Now what's all this gotta do with Information? Usually, information is represented in terms of statistical distributions, from Shannon's information theory. What the early founders of IG observed is that, these statistical distributions can be represented as points on some curved space called a Statistical Manifold. Now, all the terms used in information theory can be reinterpreted in terms of geometry.
So, why is it so exciting? Well in Deep Learning people predominantly work statistical distributions, some even without realising it. All our optimizations involve reducing distance between some statistical distributions like the distribution of of the data and the distribution that the neural network is trying to model. Turns out, such optimization when done in the space of statistical manifold, amounts to the gradient descent that we all know and love. All the gradient based optimisations are only approximations to the local geometry like gradient(local slope) , Hessian(local quadratic approximation of curvature), but optimisation in the statistical manifold can yield the exact curvature and thus are more efficient. This method is called Natural Gradient.
Hope this helps.
But does IG allow us to reason about Neural Nets in new ways that could move the needle on open questions about information representation in ANNs or, even better, BNNs?
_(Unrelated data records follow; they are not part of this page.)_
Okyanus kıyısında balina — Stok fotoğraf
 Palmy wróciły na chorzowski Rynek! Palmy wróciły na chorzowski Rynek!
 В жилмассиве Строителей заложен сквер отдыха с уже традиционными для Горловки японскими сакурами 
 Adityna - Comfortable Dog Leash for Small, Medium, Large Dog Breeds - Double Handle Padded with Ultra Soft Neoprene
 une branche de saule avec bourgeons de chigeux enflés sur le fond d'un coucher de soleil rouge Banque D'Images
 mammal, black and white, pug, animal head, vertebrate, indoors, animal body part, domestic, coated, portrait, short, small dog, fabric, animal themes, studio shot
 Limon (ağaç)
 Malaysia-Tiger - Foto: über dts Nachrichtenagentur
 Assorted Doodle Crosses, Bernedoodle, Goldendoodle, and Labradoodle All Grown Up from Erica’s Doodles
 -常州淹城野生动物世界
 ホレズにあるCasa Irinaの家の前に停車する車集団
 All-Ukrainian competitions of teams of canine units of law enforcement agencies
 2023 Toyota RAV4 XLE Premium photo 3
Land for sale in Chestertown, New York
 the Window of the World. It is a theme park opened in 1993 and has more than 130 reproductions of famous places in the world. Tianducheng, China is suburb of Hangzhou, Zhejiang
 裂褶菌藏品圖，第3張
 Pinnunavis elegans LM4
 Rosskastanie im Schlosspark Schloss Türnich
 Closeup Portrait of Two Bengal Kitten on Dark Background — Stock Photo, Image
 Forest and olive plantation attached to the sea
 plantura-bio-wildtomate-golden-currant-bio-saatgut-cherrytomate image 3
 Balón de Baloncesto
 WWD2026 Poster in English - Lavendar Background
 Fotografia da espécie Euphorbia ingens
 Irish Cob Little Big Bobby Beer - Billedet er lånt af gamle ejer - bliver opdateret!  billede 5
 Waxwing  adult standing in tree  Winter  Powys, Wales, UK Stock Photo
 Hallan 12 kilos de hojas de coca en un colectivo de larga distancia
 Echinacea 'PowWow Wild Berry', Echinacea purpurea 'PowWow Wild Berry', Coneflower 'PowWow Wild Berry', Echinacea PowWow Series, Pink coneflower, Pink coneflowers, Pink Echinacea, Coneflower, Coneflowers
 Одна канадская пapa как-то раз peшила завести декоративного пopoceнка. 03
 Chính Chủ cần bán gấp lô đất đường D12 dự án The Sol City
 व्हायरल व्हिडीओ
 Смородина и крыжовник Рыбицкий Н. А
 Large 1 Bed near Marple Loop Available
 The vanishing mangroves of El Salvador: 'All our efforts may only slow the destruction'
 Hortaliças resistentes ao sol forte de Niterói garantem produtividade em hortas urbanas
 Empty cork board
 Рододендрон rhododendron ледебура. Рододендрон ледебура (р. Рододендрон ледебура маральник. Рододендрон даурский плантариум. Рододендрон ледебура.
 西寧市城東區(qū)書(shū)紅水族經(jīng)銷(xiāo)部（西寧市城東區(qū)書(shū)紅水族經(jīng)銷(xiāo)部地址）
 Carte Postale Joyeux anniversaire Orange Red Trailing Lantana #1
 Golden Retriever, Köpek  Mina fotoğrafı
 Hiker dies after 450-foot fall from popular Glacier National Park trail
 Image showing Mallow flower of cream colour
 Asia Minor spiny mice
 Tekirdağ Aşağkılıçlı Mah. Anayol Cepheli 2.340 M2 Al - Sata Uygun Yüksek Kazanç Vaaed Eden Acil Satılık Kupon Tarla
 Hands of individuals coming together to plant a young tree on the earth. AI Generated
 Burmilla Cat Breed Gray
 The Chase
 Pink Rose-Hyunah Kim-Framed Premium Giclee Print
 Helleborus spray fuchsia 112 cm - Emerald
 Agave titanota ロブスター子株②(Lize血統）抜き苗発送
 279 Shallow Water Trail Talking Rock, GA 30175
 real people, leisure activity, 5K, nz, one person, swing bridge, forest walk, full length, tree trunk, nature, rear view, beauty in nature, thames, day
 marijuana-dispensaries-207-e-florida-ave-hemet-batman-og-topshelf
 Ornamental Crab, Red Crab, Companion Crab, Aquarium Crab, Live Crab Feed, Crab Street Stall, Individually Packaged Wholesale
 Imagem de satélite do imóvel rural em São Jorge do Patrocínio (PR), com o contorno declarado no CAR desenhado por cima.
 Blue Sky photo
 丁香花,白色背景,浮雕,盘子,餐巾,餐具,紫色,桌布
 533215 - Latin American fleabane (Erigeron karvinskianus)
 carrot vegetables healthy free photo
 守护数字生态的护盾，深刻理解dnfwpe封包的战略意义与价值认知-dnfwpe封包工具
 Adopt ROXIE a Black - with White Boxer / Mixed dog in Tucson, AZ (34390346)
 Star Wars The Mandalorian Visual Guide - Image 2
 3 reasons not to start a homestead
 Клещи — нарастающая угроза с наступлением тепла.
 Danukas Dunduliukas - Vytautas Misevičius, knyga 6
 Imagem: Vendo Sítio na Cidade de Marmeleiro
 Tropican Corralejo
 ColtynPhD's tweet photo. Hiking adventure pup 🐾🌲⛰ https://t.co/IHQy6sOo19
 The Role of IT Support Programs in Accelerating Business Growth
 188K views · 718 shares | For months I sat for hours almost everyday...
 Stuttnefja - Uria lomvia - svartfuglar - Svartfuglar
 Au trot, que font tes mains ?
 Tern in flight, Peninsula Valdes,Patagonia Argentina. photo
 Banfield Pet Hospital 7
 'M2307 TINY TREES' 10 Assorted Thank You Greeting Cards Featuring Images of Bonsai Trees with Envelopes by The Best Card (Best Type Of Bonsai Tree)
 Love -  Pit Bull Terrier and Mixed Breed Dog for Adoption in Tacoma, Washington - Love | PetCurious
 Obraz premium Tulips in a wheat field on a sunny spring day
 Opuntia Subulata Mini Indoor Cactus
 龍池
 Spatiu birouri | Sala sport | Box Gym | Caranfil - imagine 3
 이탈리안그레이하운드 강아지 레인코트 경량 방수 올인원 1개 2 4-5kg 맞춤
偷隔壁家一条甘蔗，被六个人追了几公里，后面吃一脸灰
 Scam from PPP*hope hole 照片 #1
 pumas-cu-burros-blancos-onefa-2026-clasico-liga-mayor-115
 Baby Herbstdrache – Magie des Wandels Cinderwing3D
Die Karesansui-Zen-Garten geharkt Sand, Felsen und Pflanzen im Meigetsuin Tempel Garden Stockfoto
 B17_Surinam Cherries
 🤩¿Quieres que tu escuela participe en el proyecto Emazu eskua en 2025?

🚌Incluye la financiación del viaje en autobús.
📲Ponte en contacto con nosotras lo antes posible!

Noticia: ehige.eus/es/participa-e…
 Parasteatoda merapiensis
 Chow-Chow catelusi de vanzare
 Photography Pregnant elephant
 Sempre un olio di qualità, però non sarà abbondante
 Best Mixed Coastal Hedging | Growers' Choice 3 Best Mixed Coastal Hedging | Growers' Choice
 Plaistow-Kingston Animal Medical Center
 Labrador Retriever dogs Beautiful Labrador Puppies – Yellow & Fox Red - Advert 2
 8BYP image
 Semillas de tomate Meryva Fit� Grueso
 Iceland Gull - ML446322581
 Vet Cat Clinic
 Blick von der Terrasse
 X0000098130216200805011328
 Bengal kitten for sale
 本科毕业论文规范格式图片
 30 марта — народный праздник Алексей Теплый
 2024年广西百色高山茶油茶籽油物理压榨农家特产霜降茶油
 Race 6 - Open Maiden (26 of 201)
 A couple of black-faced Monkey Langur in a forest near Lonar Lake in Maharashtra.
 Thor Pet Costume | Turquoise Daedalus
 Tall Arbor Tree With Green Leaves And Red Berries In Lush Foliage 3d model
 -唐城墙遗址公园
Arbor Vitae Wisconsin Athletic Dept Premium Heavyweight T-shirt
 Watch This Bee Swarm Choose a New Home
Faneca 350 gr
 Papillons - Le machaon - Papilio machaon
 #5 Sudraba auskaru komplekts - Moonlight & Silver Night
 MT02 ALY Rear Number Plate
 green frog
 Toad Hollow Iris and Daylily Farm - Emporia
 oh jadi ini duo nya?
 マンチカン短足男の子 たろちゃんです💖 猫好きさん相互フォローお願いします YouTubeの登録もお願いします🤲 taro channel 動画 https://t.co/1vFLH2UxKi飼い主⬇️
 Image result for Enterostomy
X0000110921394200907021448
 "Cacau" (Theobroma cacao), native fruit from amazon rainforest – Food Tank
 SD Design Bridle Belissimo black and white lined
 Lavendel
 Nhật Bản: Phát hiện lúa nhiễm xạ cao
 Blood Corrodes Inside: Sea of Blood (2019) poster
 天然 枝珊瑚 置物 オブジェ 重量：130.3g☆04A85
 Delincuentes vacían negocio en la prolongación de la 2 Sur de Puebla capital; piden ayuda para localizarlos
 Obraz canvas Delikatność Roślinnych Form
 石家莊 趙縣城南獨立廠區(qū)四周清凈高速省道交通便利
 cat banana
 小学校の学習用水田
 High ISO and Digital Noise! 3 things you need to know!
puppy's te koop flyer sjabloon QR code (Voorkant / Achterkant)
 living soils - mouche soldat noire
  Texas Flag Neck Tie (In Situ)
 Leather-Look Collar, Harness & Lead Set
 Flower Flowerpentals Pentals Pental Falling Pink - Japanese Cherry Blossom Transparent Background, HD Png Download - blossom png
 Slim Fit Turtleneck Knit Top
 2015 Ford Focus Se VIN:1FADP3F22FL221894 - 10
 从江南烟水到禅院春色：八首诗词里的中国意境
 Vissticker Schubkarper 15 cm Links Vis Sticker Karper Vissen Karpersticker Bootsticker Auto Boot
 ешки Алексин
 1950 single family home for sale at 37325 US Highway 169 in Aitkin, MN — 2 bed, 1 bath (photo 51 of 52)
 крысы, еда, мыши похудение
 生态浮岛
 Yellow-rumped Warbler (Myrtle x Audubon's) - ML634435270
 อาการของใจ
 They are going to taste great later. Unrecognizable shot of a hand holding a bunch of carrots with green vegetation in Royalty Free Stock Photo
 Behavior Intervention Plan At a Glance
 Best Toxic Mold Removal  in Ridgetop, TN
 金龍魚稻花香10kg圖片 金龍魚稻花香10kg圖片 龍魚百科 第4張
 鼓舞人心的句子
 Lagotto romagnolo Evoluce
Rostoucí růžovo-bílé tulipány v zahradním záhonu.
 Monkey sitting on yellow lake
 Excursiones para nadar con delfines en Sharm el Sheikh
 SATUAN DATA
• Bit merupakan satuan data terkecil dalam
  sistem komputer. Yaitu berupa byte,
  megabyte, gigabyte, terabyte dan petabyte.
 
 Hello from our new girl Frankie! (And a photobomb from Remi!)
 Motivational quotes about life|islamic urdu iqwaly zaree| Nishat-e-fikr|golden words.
The introductory articles like this tend to get bogged down in the definitions, and research-level articles are pretty impenetrable. If anyone here has a little more insight into this field, I'd be really interested to know more about the impact IG has had on other areas (be it applications to the real world, or to helping organize our understanding of another field of math).
People babbling about neural nets; that's probably wrong -never seen an actual application there, though TDA does very interesting things for neural approaches for reasons that should be obvious.
I kind of wish I had done the GR course with Carlo Rovelli and Ezra Newman back when I had the chance; the first semester was all differential geometry, and those dudes were great at explaining math. Since the Einstein equations are more nasty than the Fisher information matrix, it would have made all the info-geo stuff pretty accessible.
A while ago I read about a guy's innovative idea to classify languages using zip (the archiving software). This idea is cute in itself, if you are curious you can check . My rough summary would be like this: when you zip a French text, the zip facility first spends some time to train itself, and finds the letter frequencies and then compresses the text using these frequencies. If you train zip to a French text, but then use the frequencies to compress a Spanish text, you'll do worse than if you use the frequencies of the Spanish language itself. However, if you use the French frequencies to compress Hungarian text, you will do much, much worse. Then you ask the question: if for a certain language A, a zipped text is 1 MB using the language's own frequencies but 1.3MB using the frequencies form a different language B, then you say the distance between A and B is 0.3. If it takes 1.05 MB, then the distance is 0.05. If two languages are very similar like Nrwegian and Swedish, this distance is very small, if they are very different, the distance could be quite large.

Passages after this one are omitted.